My generation, or at least my friends and I, must have only partial Russian souls, as we toast each other every spring with our first ice cream outdoors.
This year, I think we will do it in Gorky Park: today there is such a general feeling of nostalgia about some Soviet foods – ice cream high among them – that even super-trendy hipster-mecca Gorky Park sells Soviet-style ice cream now.
When I spoke to my grandmother further about ice cream in the Soviet Union, she said that before World War II, there were ice cream stalls where you could get a scoop of vanilla, chocolate or berry ice cream between two thin waffles. It wasn’t until after the war that she remembered individually packaged ice creams.
These included such famous types as Eskimo (vanilla on a stick), stakanchik (waffle cup) and breket (waffle “sandwich”). They would be sold by women carrying huge bags of ice cream over their shoulders. “Wasn’t that too heavy for the women?” I asked, in a rather non-feminist manner. “In the Soviet Union, everyone was equal,” replied granny with ever-so-slightly-detectable irony in her voice.

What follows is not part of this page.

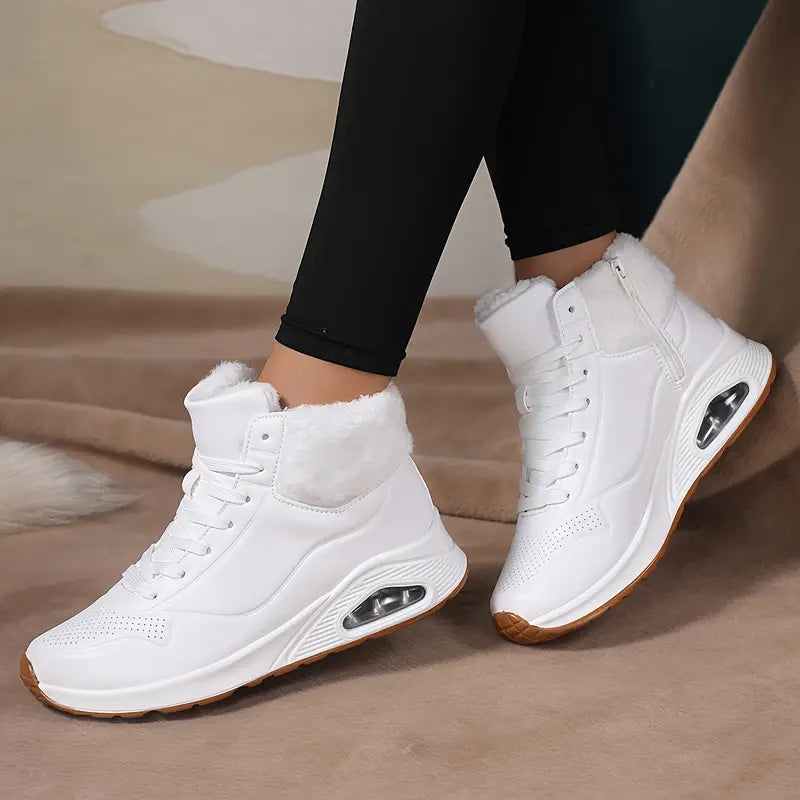 Célynne | Hoge Winter Sneakers Comfort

Granny then spoke to one of her best friends, Aina, who told this far-from-sweet story about Soviet-era ice cream:
“My father, Vladimir Devingtal, was a dairy technician in Leningrad, and a very good one. In 1937, he developed a recipe for Eskimo and was about to launch it for production all over the U.S.S.R. with samples ready to go, when he was arrested, then killed a week later. Of course we don’t really know why, but my mother said it was because someone wanted to launch the ice cream under a different name to get the glory for it, which they did.”
I don’t think Aina will be joining in the nostalgia about the “better ice cream” and “better times” that is quite popular today. And I thought of her family as I worked through the recipe in the Book. The recipe for coffee flavor ice cream, made of a can of “coffee with condensed milk,” did make me a bit dreamy with memories, though – not that mine are Soviet.
Ice Cream
Ingredients:
3 cups cream or milk; 1 ¼ cups sugar;
3 eggs; ¼ tsp vanilla powder
Put the egg yolks in a saucepan. Mix with sugar and vanilla powder. Dilute with hot cream or milk. Put on the stove and cook while constantly stirring with a wooden spoon. When the mixture has thickened slightly and pulled away from the foam that has risen to the surface, remove pan from the heat, strain the mixture through a sieve and cool.
When cool, pour into an ice cream freezer and put the lid on. Put ice chips mixed with salt (1kg of salt for every 6-7 kg of ice) into the outer chamber of the freezer. Seal the freezer and turn the crank. During the freezing process, it will be necessary to drain the ice water and replace it.
The freezing process takes about 30-40 minutes. When the ice cream is hard, remove the frame and blade and let sit another hour to harden. Serve ice cream in slices in a bowl or cup.